From the April 2017 issue

The Sun’s ‘shimmering’ corona

Does our star’s outer atmosphere display variations?
By | Published: April 24, 2017
It’s amazing how often the Sun’s delicate outer atmosphere, as seen during a total solar eclipse, is described as the shimmering corona. Taken literally, this means the corona shines with a soft, wavering light. But does it? While the use of “shimmering” appears to be largely a case of poetic license — to make an otherwise tranquil phenomenon seem more animated — is there a glimmer of truth to it?

Near or far?

During the March 9, 2016, total solar eclipse, I was in a fishing boat off the coast of Ternate, Indonesia, watching totality through a substantially large hole in the clouds. Several times I saw the corona waver ever so slightly like a mirage, and I wondered if my eyes were deceiving me.

It is true that the Sun’s corona is in a dynamic state. But the Sun is so huge that it would take a light flicker a couple of seconds to cross the corona’s brightest parts — not fractions of a second, as occurs with a shimmer.

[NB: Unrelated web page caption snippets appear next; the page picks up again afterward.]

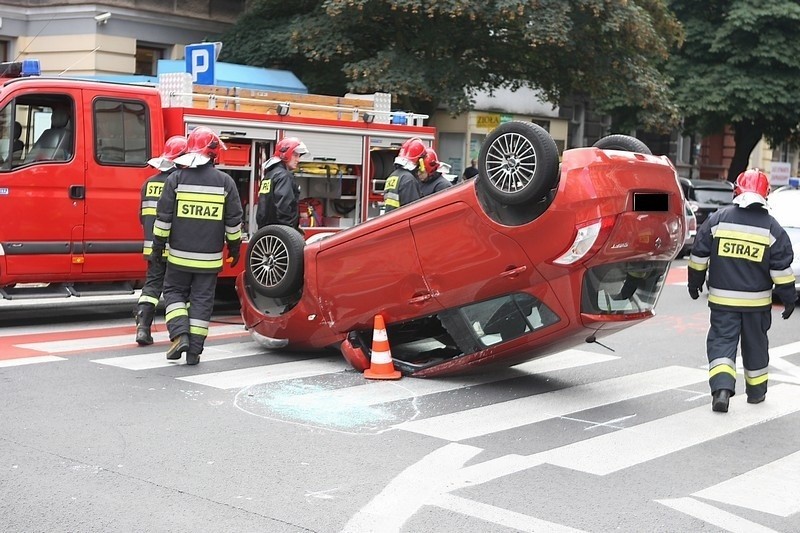 Dachowanie na skrzyżowaniu ul. Śląskiej i Jagiellońskiej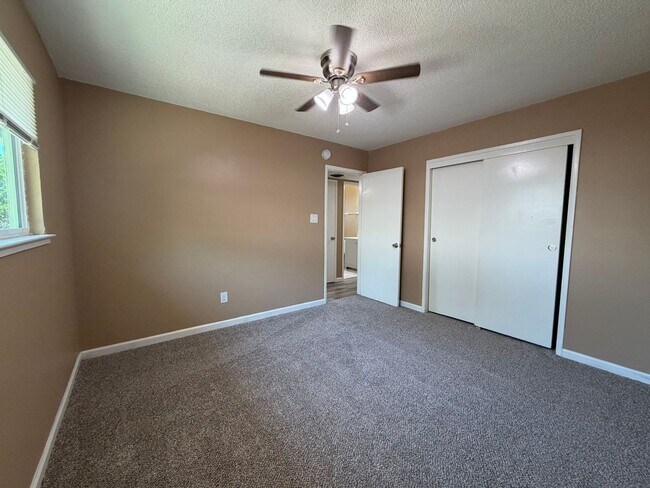 Building Photo - 5725 Woodleigh Dr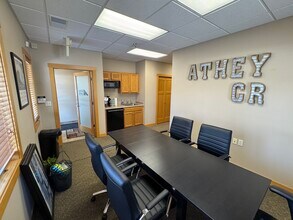 2097 County Road D E, Maplewood, MN à louer Photo intérieure- Image 2 de 8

Therefore, naked-eye coronal shimmering must be a localized phenomenon, with the source being perhaps air turbulence close to the observer, thin atmospheric vapors passing in front of the corona, involuntary motions in the observer’s eyes, or a combination of any or all of these. The flickering I saw reminded me of the passing of shadow bands, except that I saw them cross the “white sheet” of the corona. Before delving into this curious phenomenon further, let’s look at shadow bands as we traditionally see them.

This Sun’s corona never looked better than in this spectacular composite image of the March 9, 2016, total solar eclipse.
Don Sabers and Ron Royer; processing by Miloslav Druckmüller
Shadow bands and totality

Shadow bands (not every total solar eclipse produces them) are long, alternating bands of light and dark that sweep across Earth like moving waves. Shadow bands are an atmospheric effect caused by light from the Sun’s narrowing crescent interacting with turbulent bundles of air in our atmosphere. These bundles act like lenses to separate the incoming light into moving patterns of constructive (light) and destructive (dark) strips and patches.

Today, observers usually look for shadow bands in the minutes leading up to second contact (the start of totality) or immediately after third contact (the end of totality). But in the 19th century, observers occasionally recorded shadow bands during totality.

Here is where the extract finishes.